Lo que me conmueve —y lo digo como editor, como escritor y como exiliado— es que, a pesar de todo, este libro no está escrito desde el rencor puro. Está escrito desde una mezcla peligrosísima: lucidez, dolor, erotismo, ternura y sentido del humor. El sujeto que aquí habla ha aprendido del Kibalión y de Chaplin, de Martí y de los Aldeanos, de su niño y de sus manos, y se permite todavía el lujo de creer en la amistad, en la lealtad, en la evolución espiritual. Al mismo tiempo, declara sin rodeos su deseo de ver caer a los “dinosaurios chivatos”, de asistir al fin de un régimen tramposo y vitalicio, de poder un día correr desnudo por un campo de margaritas y sentir que es “ciudadano del mundo” y no de un experimento fallido.
Quizás eso es lo que más me despeina como lector: que estos textos rehúyen la corrección política y, a la vez, no caen en el odio fácil. Señalan con nombre y apellido a los responsables del desastre, pero reservan lo mejor de su energía para celebrar “las cosas simples que me llenan”: un perro aburrido, un hijo dormido sobre el pecho, diez cervezas en el malecón, una parrillada con amigos, un buen libro, una función de teatro, el olor a sábana limpia o a cabello desconocido.
Hay libros que uno recomienda porque son “importantes” en el mapa de la literatura. Este, sospecho, será importante en otro mapa: el de quienes han vivido —o viven todavía— en la isla limítrofe entre la esperanza y el cansancio, entre la fidelidad a una memoria y la urgencia de romper con ella. La poesía que aquí se practica es una forma de resistencia civil, pero también una forma de higiene espiritual: limpia el lenguaje de la mugre oficial, desinfecta la nostalgia, ventila los prejuicios, y de paso nos saca del cómodo lugar del lector que mira la historia desde lejos.
Si este libro rompe mi idea de lo que es la poesía, no es porque niegue la poesía que yo conocía, sino porque la ensancha: le añade el olor a guagua llena, el sudor del calabozo, la risa del travesti que colecciona cicatrices en el brazo, los grafitis que alguien pinta de noche y que otro borra al amanecer, la confesión de un hombre que se sabe vulnerable, libidinoso, indignado, cansado y, sin embargo, todavía capaz de escribir, amar, criar, singar, aprender, vibrar, bromear y decir “me quedo un poquito más”.

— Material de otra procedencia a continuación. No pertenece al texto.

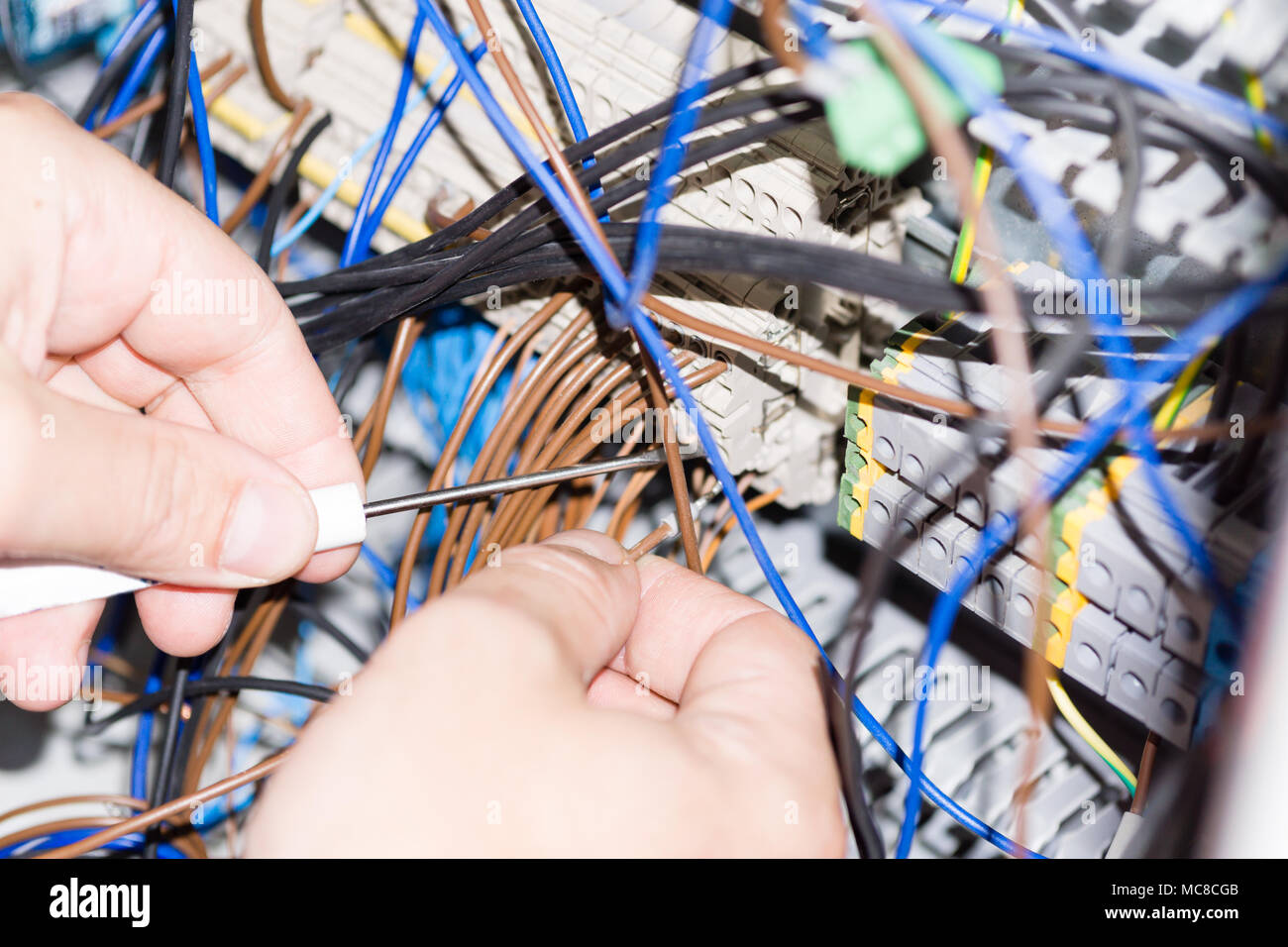 engineer hands installing electrical components in fuse box. Industry 4. Measuring voltage Stock Photo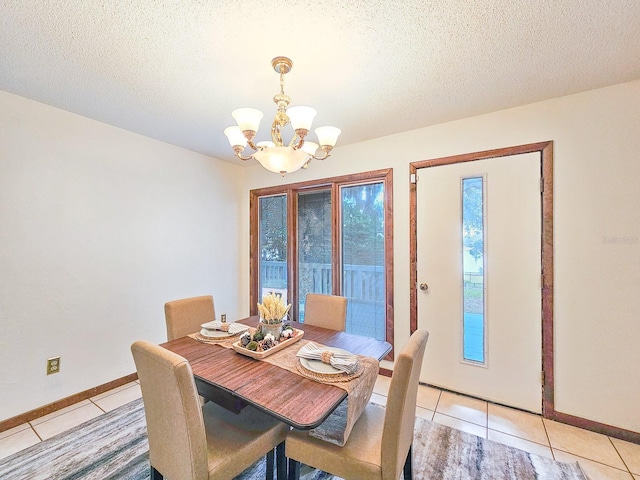 dining room featuring a textured ceiling, a chandelier, and light tile patterned flooring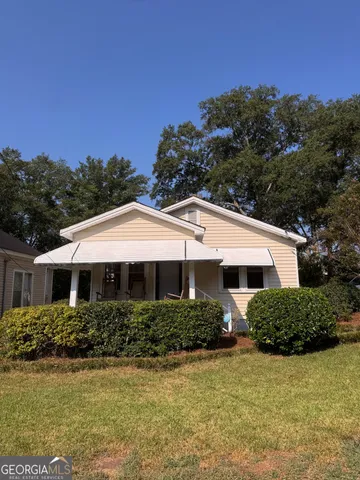 a view of a white house with a yard plants and large tree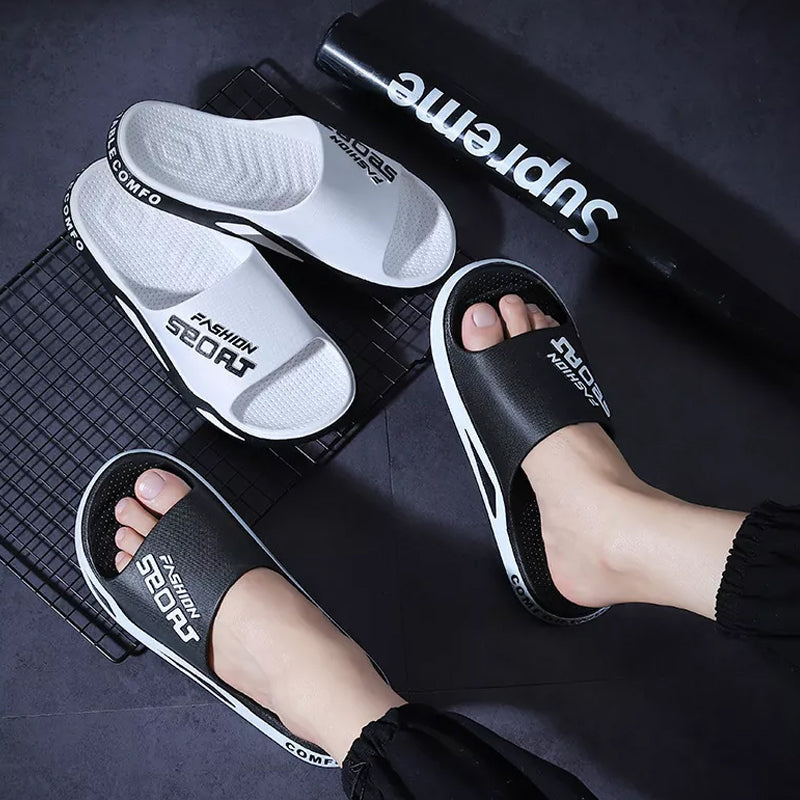 Lifestyle image of men's sport slide sandals worn with shorts, comfort sandals for men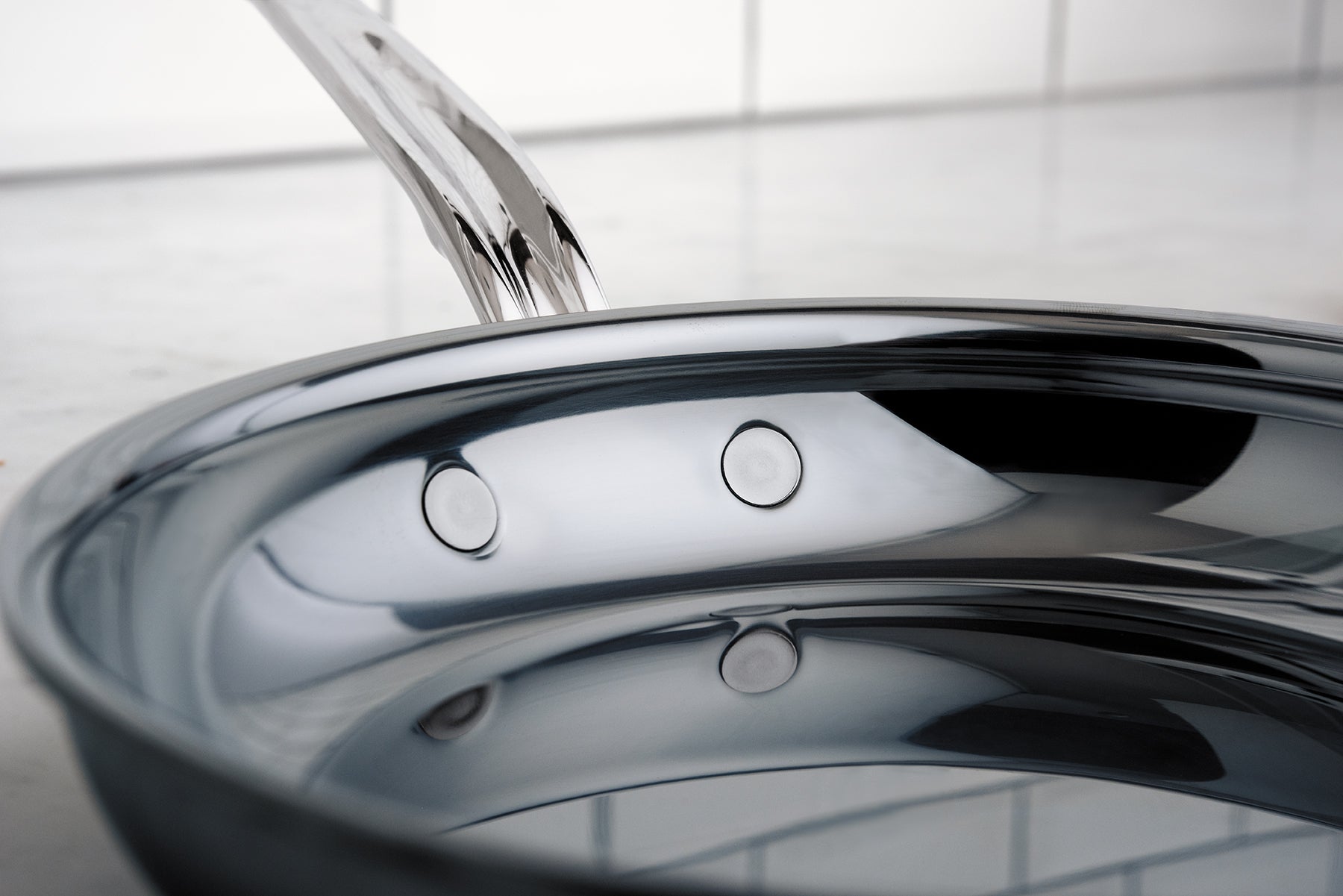 Water is being poured into a shiny stainless steel pan, creating ripples on the surface. The background is a smooth, light-colored surface with tiled walls.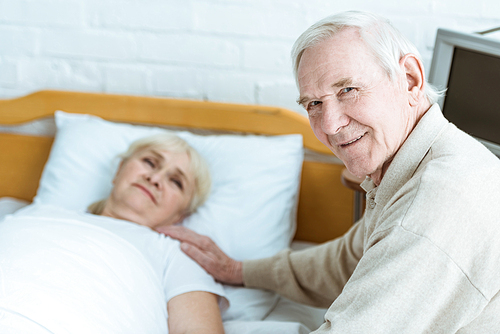 smiling senior man with sick wife in clinic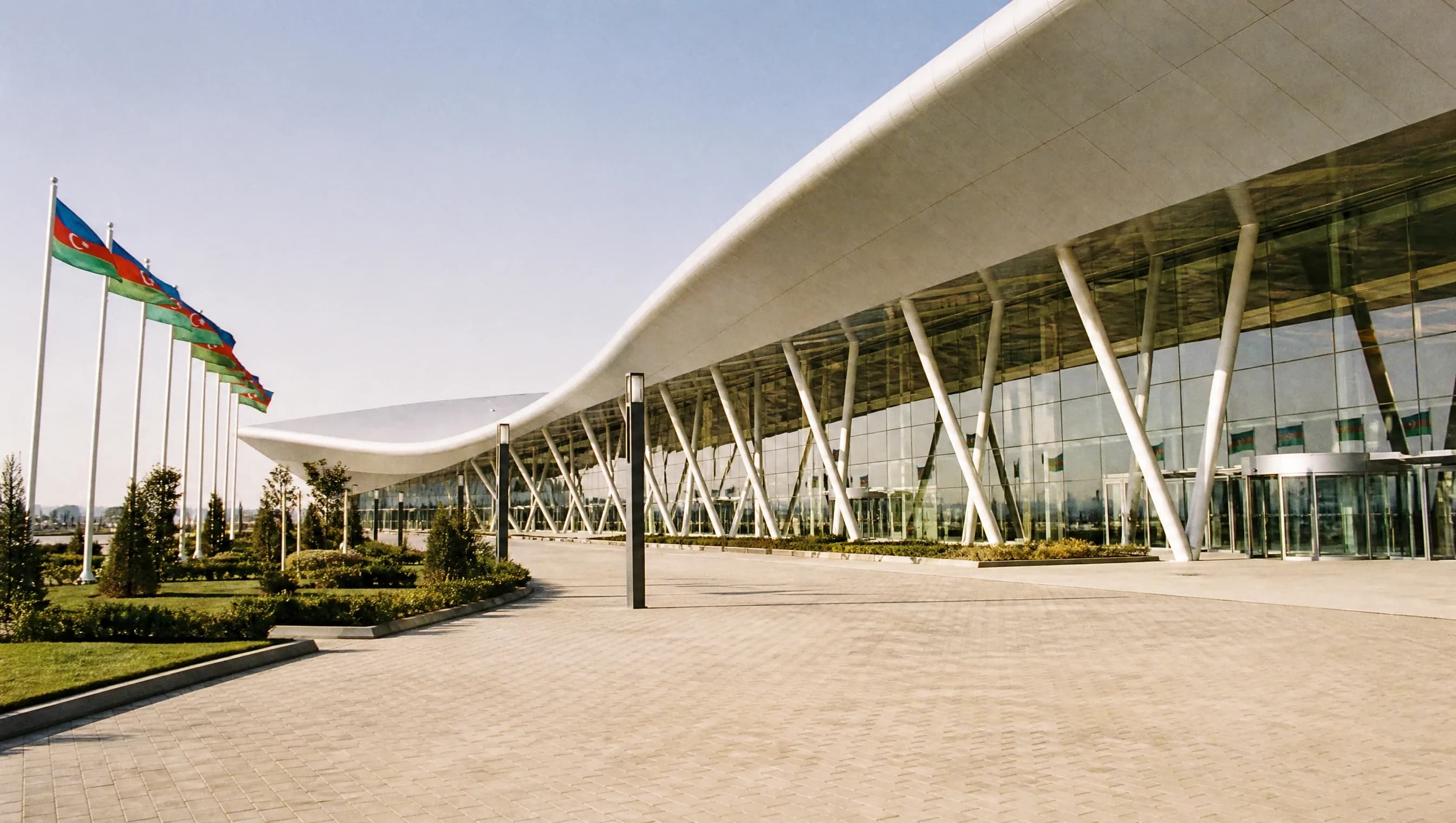 The glass facade and landscaped entrance of Baku Expo Center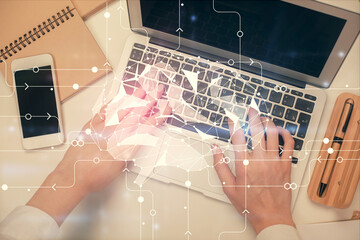 Double exposure of woman working on computer andhuman brain hologram drawing. Top View. Ai concept.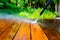 Cleaning the terrace with a pressure washer - high-pressure cleaner on the wooden surface of the terrace - very shallow depth of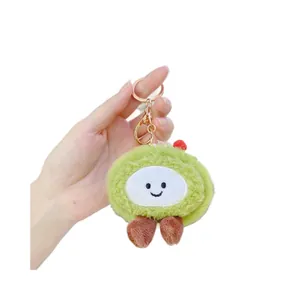 Plush matcha strawberry cake keychain with cute smiling face and rose gold clasp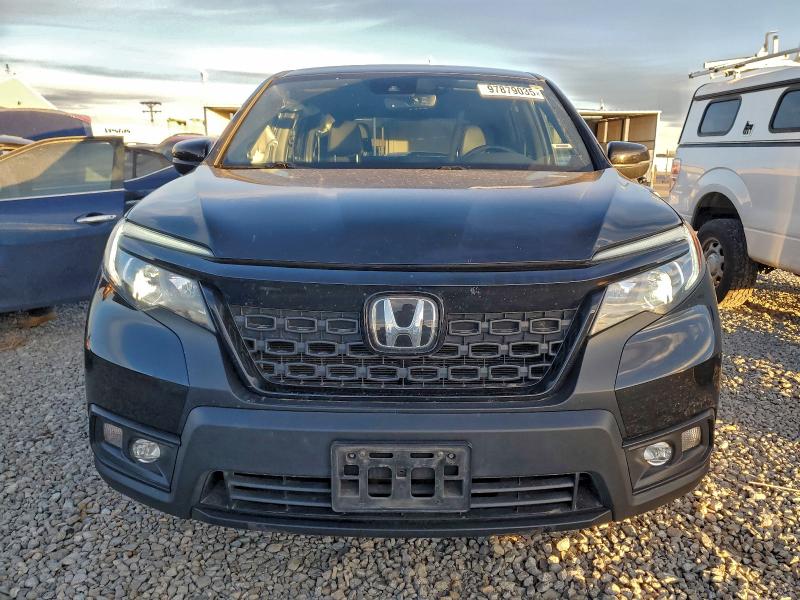 Photo 5 from auction – 2021 HONDA PASSPORT with VIN 5FNYF8H50MB025147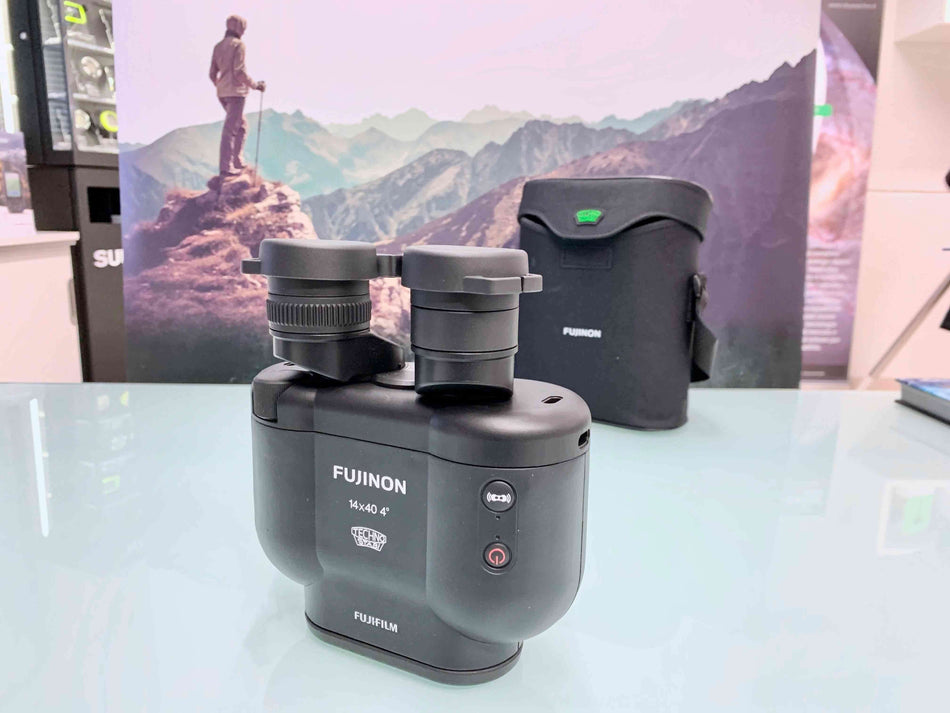 Binocolo Fujinon Techno-Stabi TS-X 14x40 su tavolo con immagine di montagna sullo sfondo, perfetto per applicazioni all'aperto.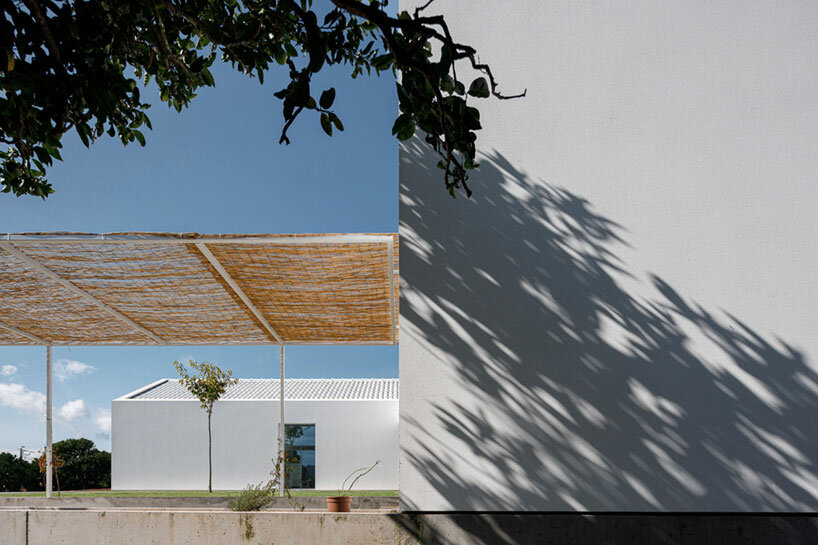NU.MA completes a minimalist house of gable roofs in santa joana, portugal
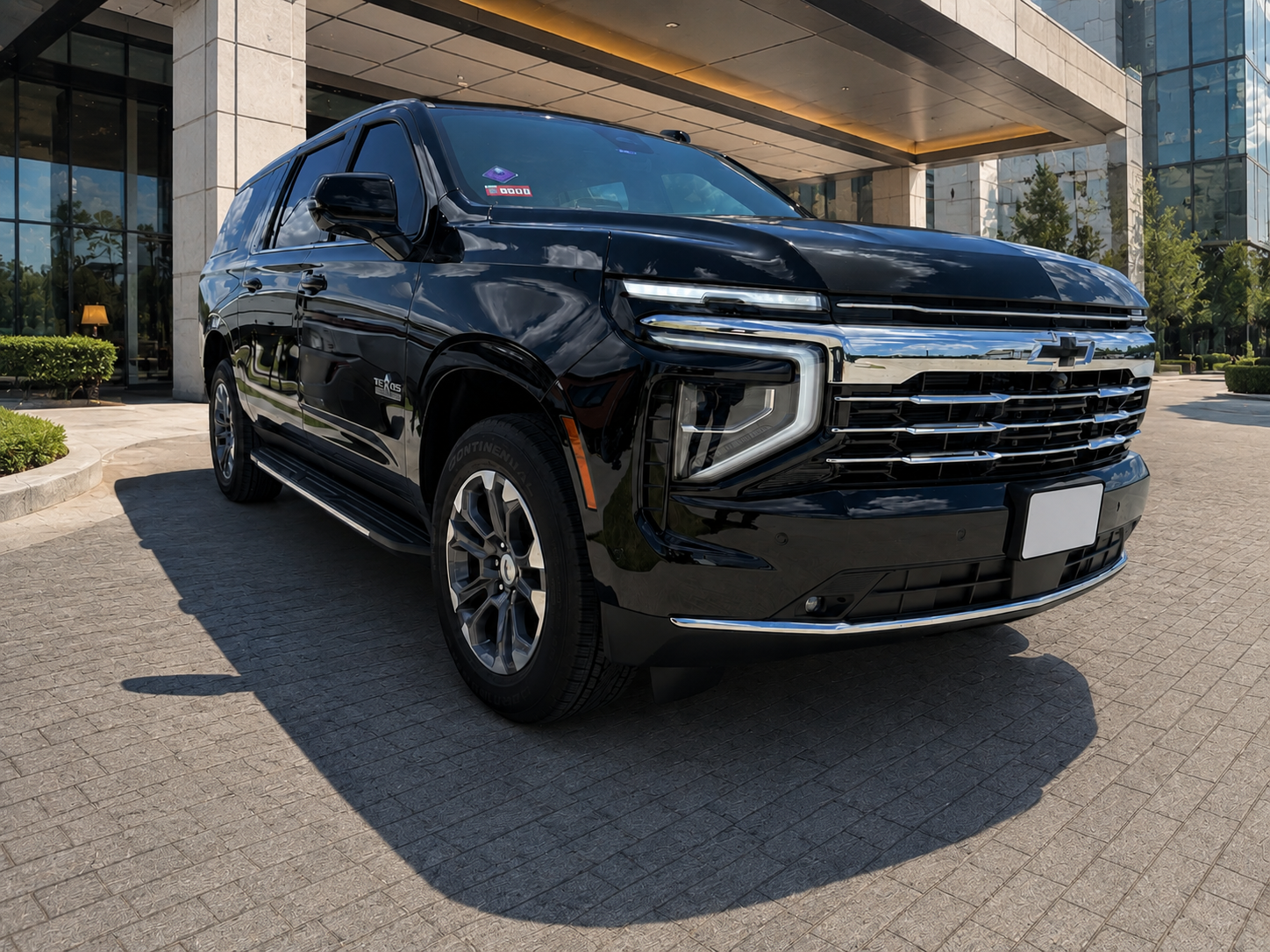 Euvico Executive 2026 Chevrolet Suburban at a luxury hotel entrance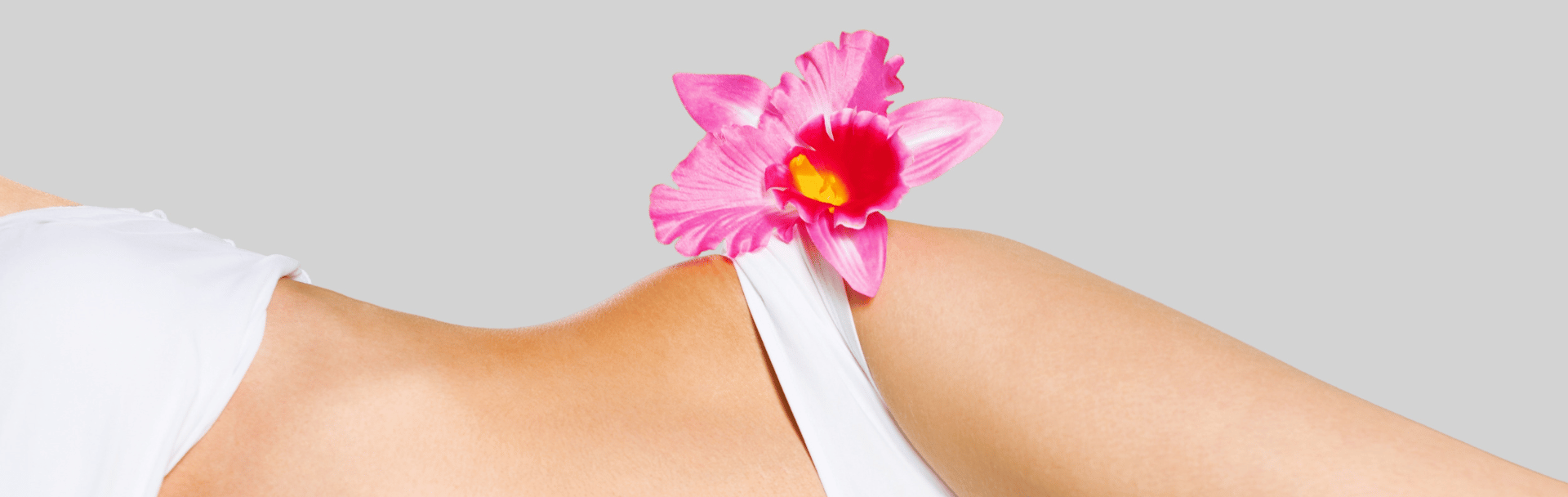 Female side profile with pink flower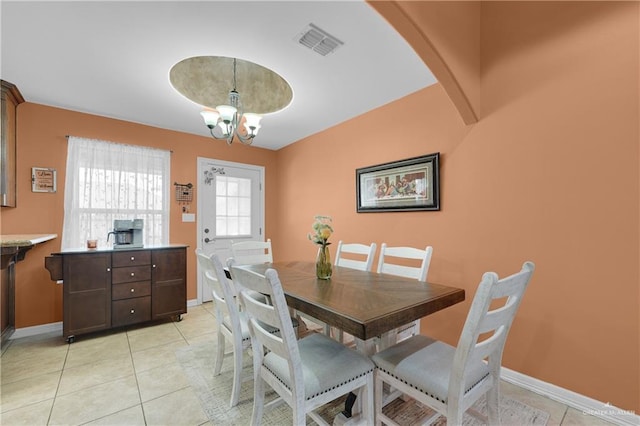 tiled dining space featuring a chandelier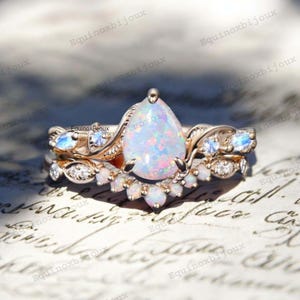 May include: A rose gold ring set with a pear-shaped opal centre stone and a matching band. The opal displays a vibrant play of colour. The bands are adorned with smaller opals and accent stones. The text "Equinoxbijoux" is visible.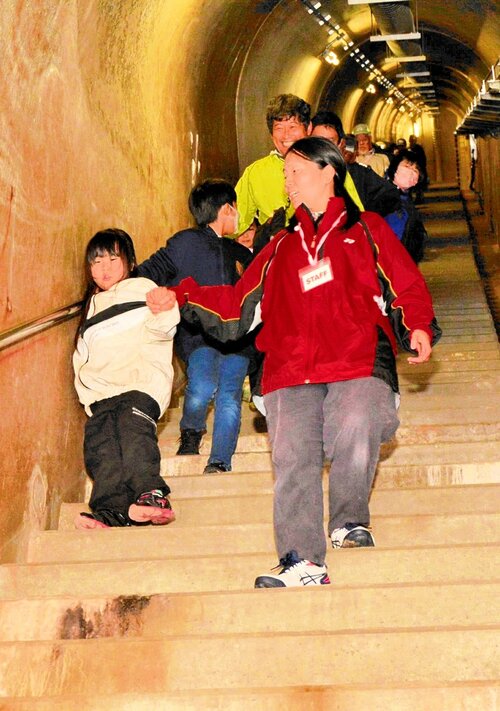 下蚊屋ダム内部の急な階段を慎重に下りる参加者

Raspadura no es un libro para leer de corrido y olvidar en un estante. Es un manual íntimo de supervivencia en tiempos de cinismo. Un espejo abrasivo donde Cuba se mira sin filtros y nosotros, los de dentro y los de fuera, tenemos que decidir si aguantamos la imagen o si preferimos cambiar de canal. El autor ya hizo su parte: escribir con la piel en juego. Ahora le toca al lector asumir el riesgo de dejarse raspar.